Manju had worn the sari on the Maharashtrian New Year, the previous spring. Meena had worn it, draped with narrower pleats, for the Tamil New Year. “I feel too fluffy and puffy, wearing it your way,” she told Manju. Meena would rightfully get to wear it for her final Navratri in Mumbai.
“I’m afraid my mother will decide to marry me to that soldier from the village,” Manju said one night in the toilet, where they always made a point of turning their backs to the slum. Ever since Asha had taken Manju home to Vidarbha, Rahul had been teasing her about her rural future: “You’ll have to cover your head and clean and cook for your mother-in-law, and your husband will be away in the army and you’ll be so lonely.”
“So what will you do if your mother sets up such a marriage?” Meena asked.
“I’ll run to my aunt, I think. She would protect me. How could I spend my life like that?”
“Maybe it’s better just to do what Fatima did,” Meena said. “Escape the situation if you know you’re going to be miserable. But I would kill myself by eating poison, not by burning. If you burned yourself, the last memory people would have of you is with your skin all spoiled and scary.”
“Why are you still thinking like that?” Manju admonished. “You were sick for a week after you saw Fatima’s body lying there. You’ll get sick again if you don’t push such thoughts out of your mind the way I do.”
As they whispered, they couldn’t help looking around every once in a while, to make sure there was no sign of the One Leg. Although her curses floated through Annawadi, wreaking havoc in any number of huts, her actual ghost was known to be lodged in these very toilets. Slumdwellers remembered her walking there, tink-tink-tink, dolled up in lipstick. Many of them had decided it was safer to shit outside.
“Don’t worry,” Rahul told the girls. “The One Leg didn’t take her crutches with her when she died, so her ghost won’t be able to run and catch you.” Manju more or less believed this, and also knew that first-class people did not subscribe to ghost talk.
Meena was unapologetically superstitious, though.

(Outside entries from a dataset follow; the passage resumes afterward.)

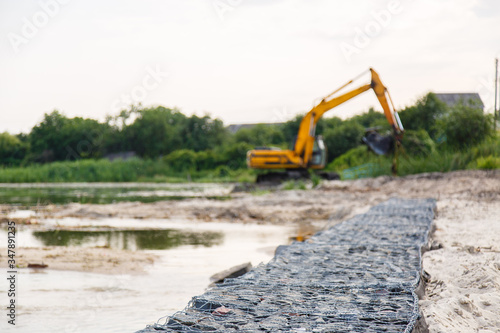 excavator is working on the site. Strengthening the coastline with a stone border. Sand and gravel. Construction works with bulldozer. Selective focus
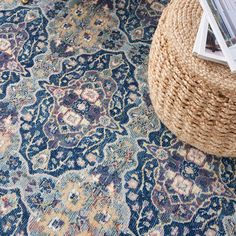 a blue rug with an intricate design on the floor next to a wicker basket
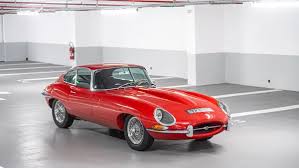 Image result for Maroon 1962 Jaguar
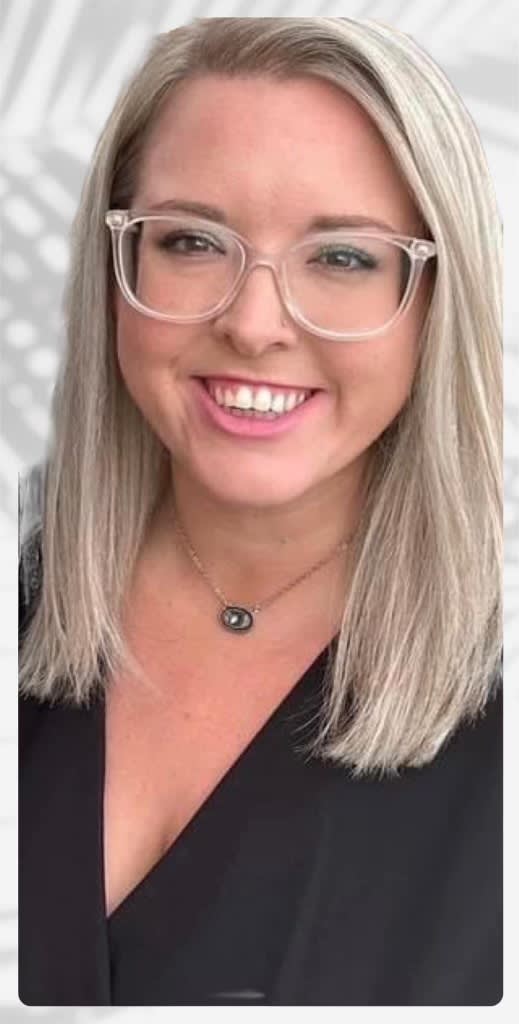 a young woman wearing glasses and a necklace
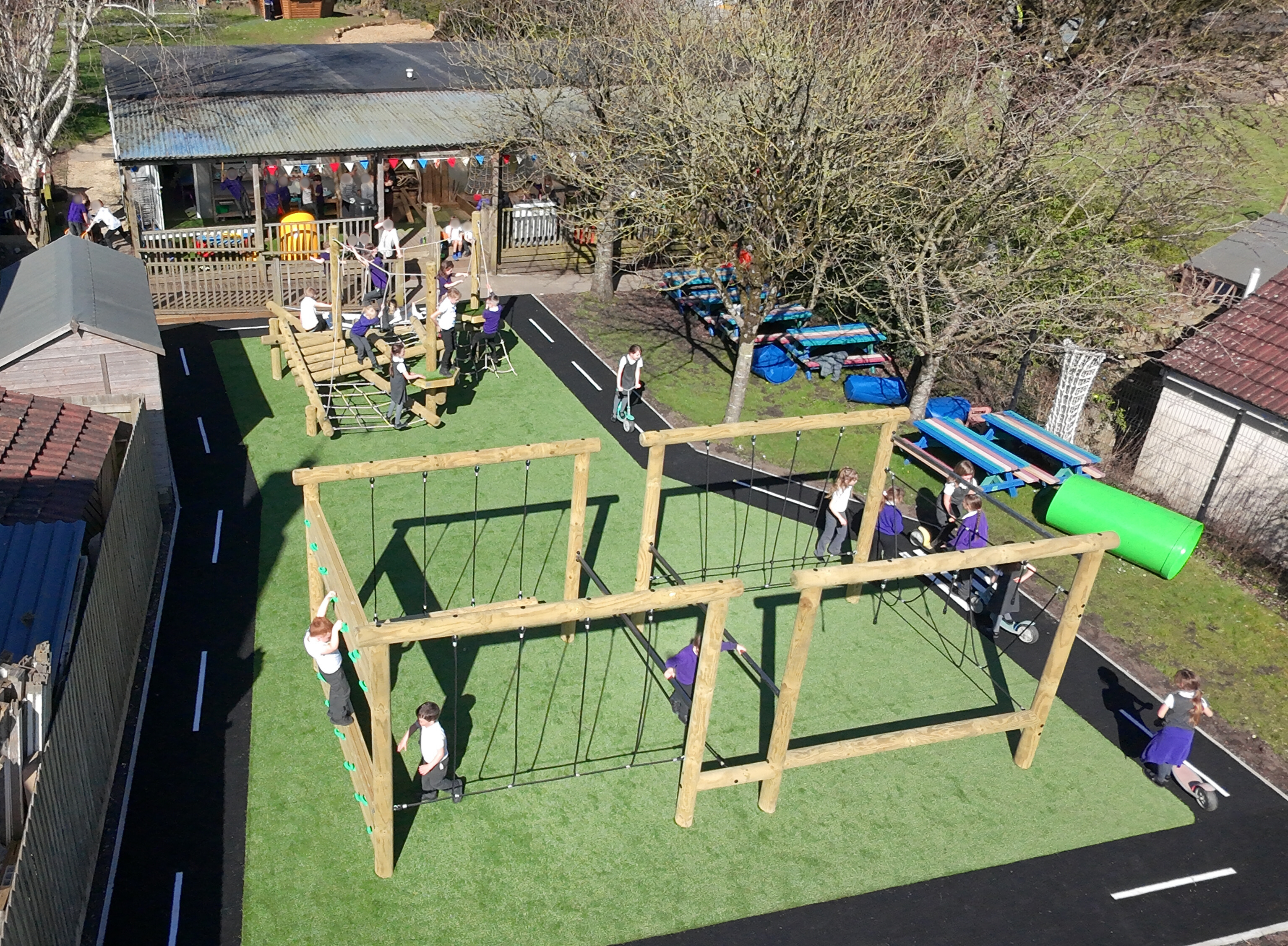 School Playground Development showing children playing on a Lemur Rig, Willow Climber and surrounding roadway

Recently, her mother reported seeing a snake slither across a menstrual cloth that Meena had too casually discarded. Her mother had been hysterical—said it foretold that Meena’s womb would shrivel up.
Manju suspected that Meena’s mother hadn’t really seen a snake, and was simply getting more creative in her attempts to keep Meena docile before marriage. But Meena was shaken. “I’m going to dry up and die,” she cried one night. Married women without children were suspect in Mumbai. And to be barren in a village?
Meena started to feel skittish at the toilet; the serpent curse and Fatima’s ghost struck her as a risky convergence. Still, she lingered, couldn’t not linger. The minutes in the night stench with Manju were the closest she had ever come to freedom.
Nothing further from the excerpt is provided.